In this post, we'll create a simple application that can turn text into speech.

Prerequisites

If you want to follow along, you'll need the following:

  • An Azure subscription (If you don't have an Azure subscription, create a free account before you begin)
  • The latest version of Visual Studio or Visual Studio Code. This post uses Visual Studio, and you can also use VS Code to accomplish the same result.

Use the Text-To-Speech service in Azure

To start turning text into speech, we need to create an Azure Cognitive Service Speech service. We'll do that in the Azure portal.
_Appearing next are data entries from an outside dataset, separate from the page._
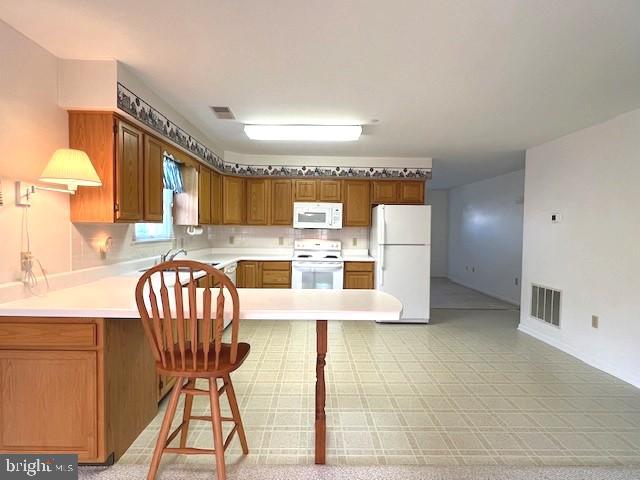 kitchen with white appliances, visible vents, light countertops, and brown cabinetry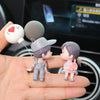 A small figurine of a couple with a balloon, featuring a male figure in a cap and a female figure, displayed on a hand.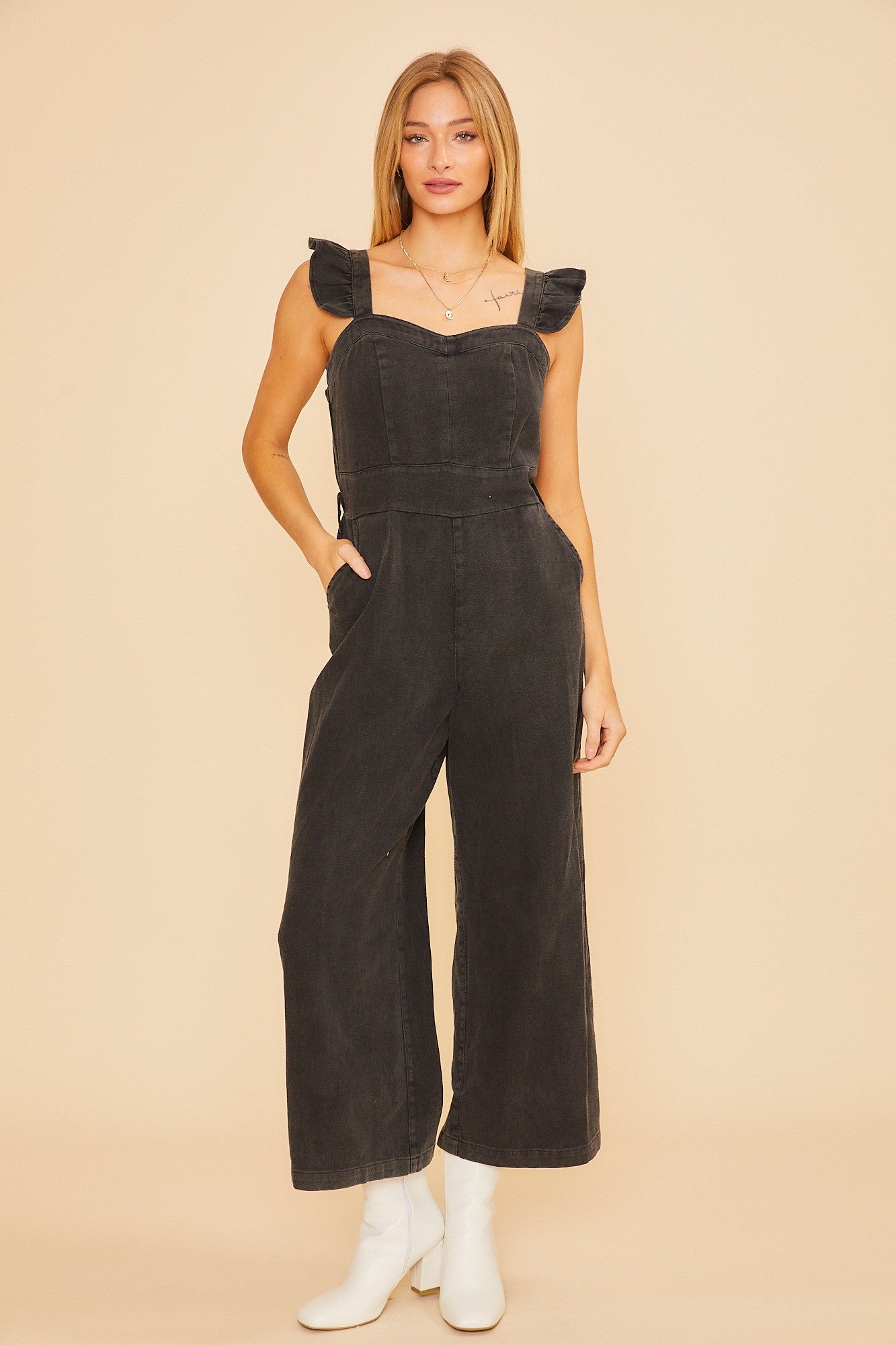 woman wearing a black denim jumpsuit with ruffle straps and wide legs paired with white boots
  1. Click the Create a resource button (the plus-sign in the top left corner)
  2. Search for speech, select the "Speech" result and click Create
    1. This brings you to the Create Speech blade
    2. Fill in a Name for the speech service
    3. Pick a Location
    4. Select a Pricing Tier. The free tier is fine for this demo
    5. Finally, select a Resource Group
    6. Click Create to create the speech service

(Create Speech service blade in the Azure portal)

When the speech service is created, navigate to it to see its access keys. You'll need one of the access keys and the location to use the service in an application.

(Speech service access keys in the Azure portal)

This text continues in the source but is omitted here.